The US Department of Justice has quietly removed a report from its website that concluded far-right extremists have carried out far more deadly attacks in America than any other domestic extremist group. The removal happened just days after conservative activist Charlie Kirk was fatally shot.
The archived report, titled What NIJ Research Tells Us About Domestic Terrorism, disappeared from the DOJ website sometime between September 11 and 12, according to investigative journalist Jason Paladino, who first uncovered the story. Kirk, the 31-year-old founder of Turning Point USA and a close ally of Donald Trump, was shot and killed while speaking at Utah Valley University on September 10.
The report began with a stark finding: “Since 1990, far-right extremists have committed far more ideologically motivated homicides than far-left or radical Islamist extremists, including 227 events that took more than 520 lives. In this same period, far-left extremists committed 42 ideologically motivated attacks that took 78 lives.”
Tyler Robinson, 22, has been charged with Kirk’s murder, and prosecutors have announced they will seek the death penalty. Despite the NIJ report’s conclusions, Trump and other Republicans have pointed the finger at “radical left” groups for the shooting.
The National Institute of Justice study was built on decades of research and is one of the most extensive government analyses of domestic terrorism trends. It concluded that “militant, nationalistic, white supremacist violent extremism has increased in the United States” and that “the number of far-right attacks continues to outpace all other types of terrorism and domestic violent extremism.”

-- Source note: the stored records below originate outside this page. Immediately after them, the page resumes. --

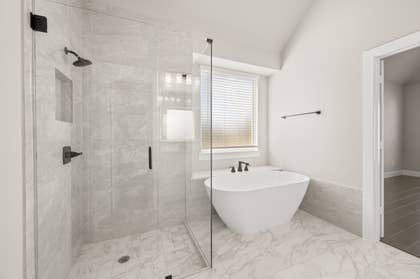Mira Lagos Crossing - Photo 25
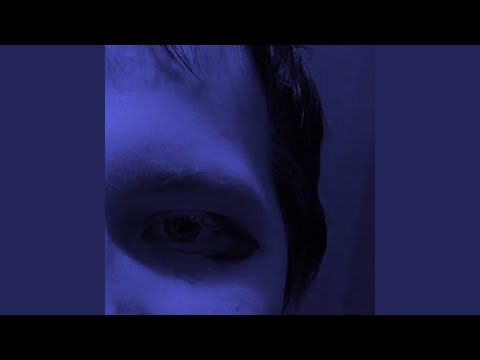 wannalxve, LONNYY - Манят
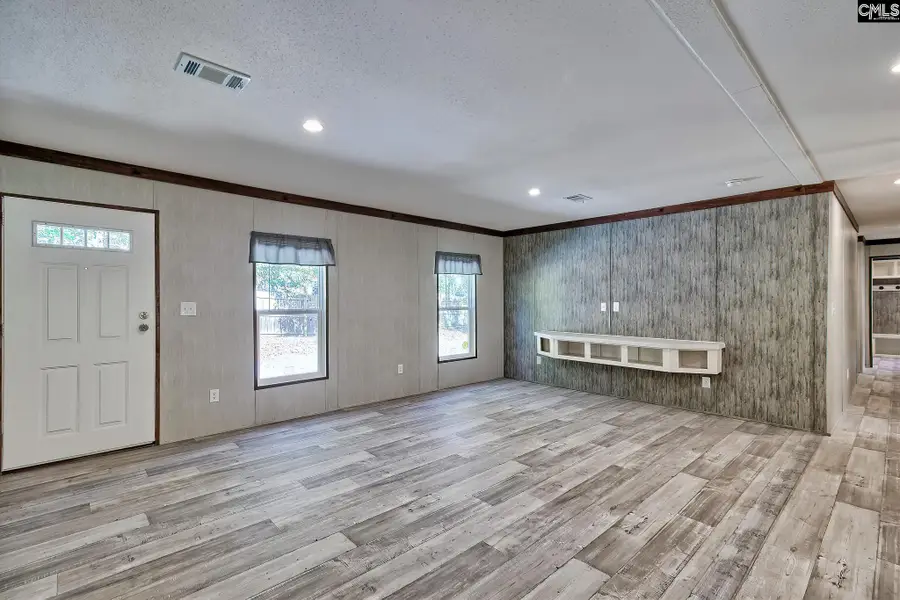 1657 Woodtrail Drive, Gaston, SC 29053 - Image #3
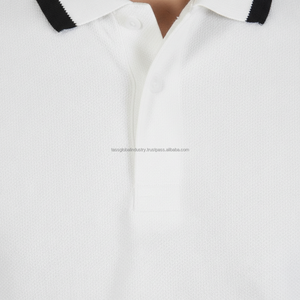 Conjunto de Uniforme de Cricket Sublimado Personalizado para Hombre – Jersey y Pantalones de Cricket de Poliéster de Secado Rápido, Fabricante de Ropa Deportiva para Equipos - Product Image 5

Where the report once appeared, the DOJ now says it is “reviewing its websites and materials in accordance with recent executive orders,” according to 404Media. The page has since been taken down entirely.
Independent findings back up the NIJ’s work. Research from the Center for Strategic and International Studies examined 893 terrorist plots between 1994 and 2020 and concluded: “Rightwing attacks and plots account for the majority of all terrorist incidents in the United States since 1994.”
Heidi Beirich, executive vice-president of the Global Project Against Hate and Extremism, testified before Congress in 2023 that “data on acts of political violence clearly shows that it is the far right that is driving terrorism in the US, including targeting and, in certain cases, murdering law enforcement.” She added, “That is not to say there is no violence from far-left actors. It is just simply not on the scale or as deadly as what is coming from far-right actors.”
Kirk had turned Turning Point USA into a leading conservative youth movement and was a featured speaker at last year’s Republican National Convention. He was in the middle of a campus talk when he was shot.
The Justice Department has so far declined to comment on why the study was removed.